··· THE RECORDS ···

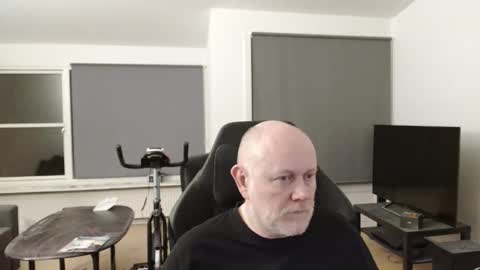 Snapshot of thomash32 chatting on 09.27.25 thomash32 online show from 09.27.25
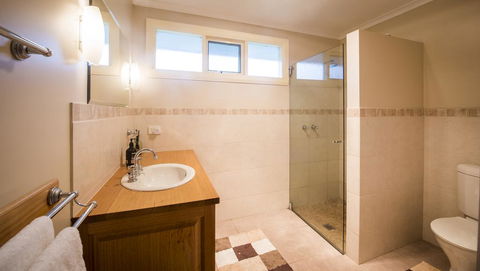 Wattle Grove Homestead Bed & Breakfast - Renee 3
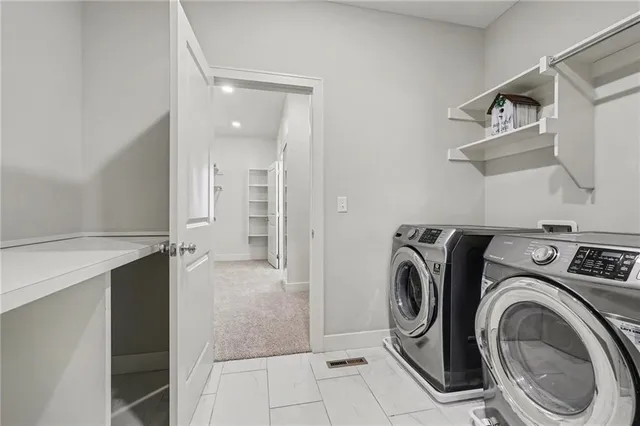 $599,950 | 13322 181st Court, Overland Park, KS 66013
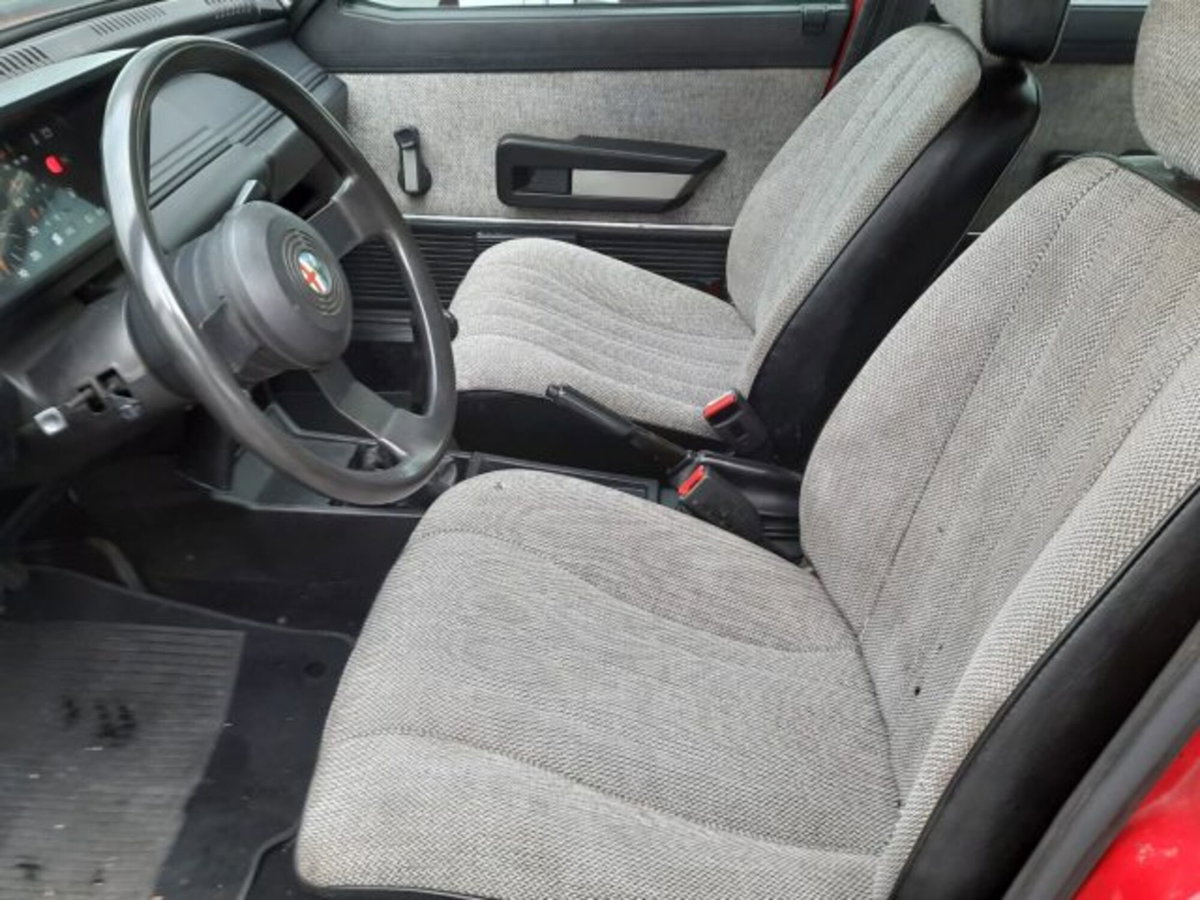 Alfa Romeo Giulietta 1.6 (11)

···
··· THE RECORDS ···

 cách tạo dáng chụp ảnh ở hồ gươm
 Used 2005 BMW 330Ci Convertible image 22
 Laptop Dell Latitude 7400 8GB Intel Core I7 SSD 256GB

···
··· THE RECORDS ···

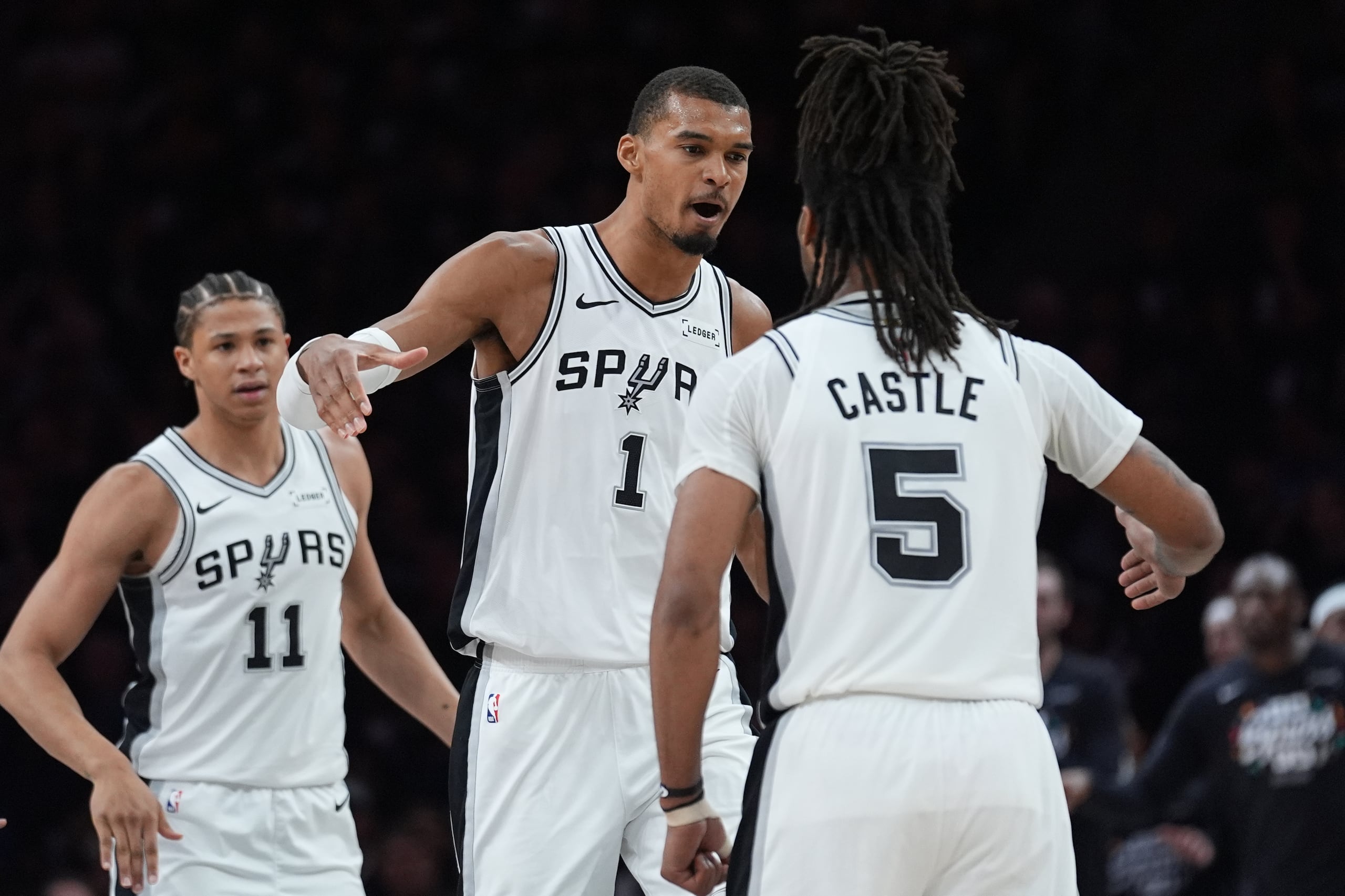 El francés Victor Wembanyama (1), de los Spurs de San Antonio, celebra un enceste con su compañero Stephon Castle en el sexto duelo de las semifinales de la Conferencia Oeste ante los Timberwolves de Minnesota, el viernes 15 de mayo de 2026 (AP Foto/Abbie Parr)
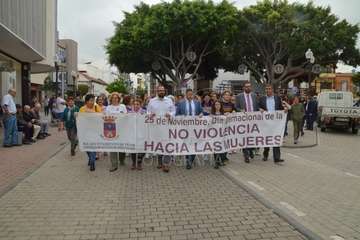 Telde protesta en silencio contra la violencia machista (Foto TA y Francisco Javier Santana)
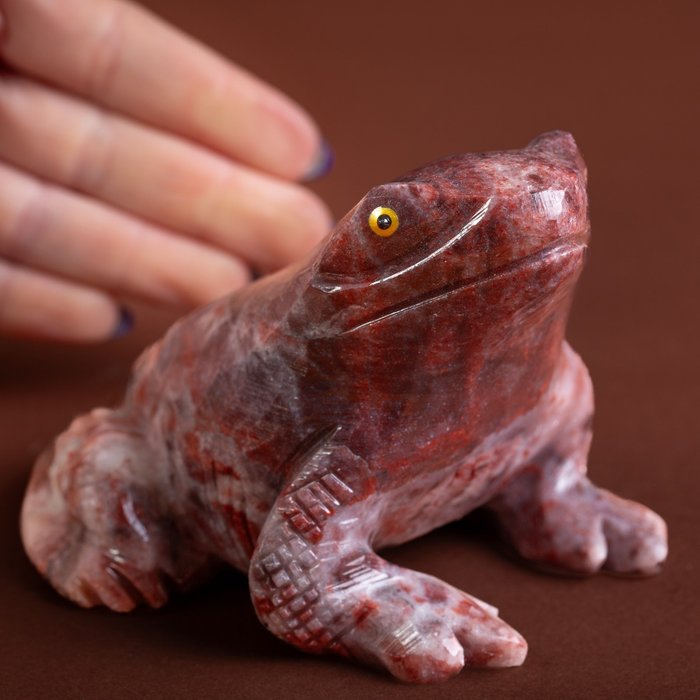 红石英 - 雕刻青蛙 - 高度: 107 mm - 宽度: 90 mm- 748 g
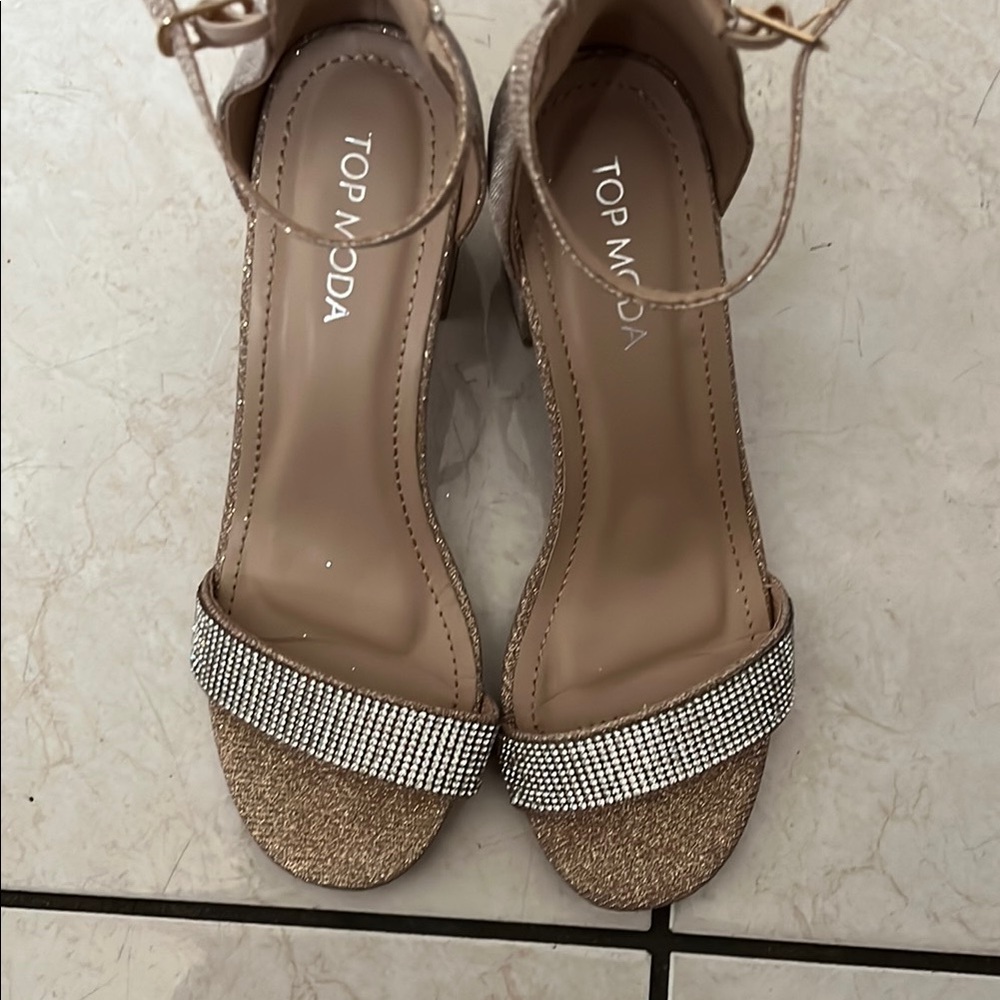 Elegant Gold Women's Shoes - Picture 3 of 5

···

[HOW TO COMPLETE THIS TASK] Starting at the line with "Snapshot of thomash32" and finishing at the line with "Alfa Romeo Giulietta 1.6 (11)", copy the material above exactly, both lines included. Nothing else goes in, and no pictures.

[TASK RESPONSE]
 Snapshot of thomash32 chatting on 09.27.25 thomash32 online show from 09.27.25
 Wattle Grove Homestead Bed & Breakfast - Renee 3
 $599,950 | 13322 181st Court, Overland Park, KS 66013
 Alfa Romeo Giulietta 1.6 (11)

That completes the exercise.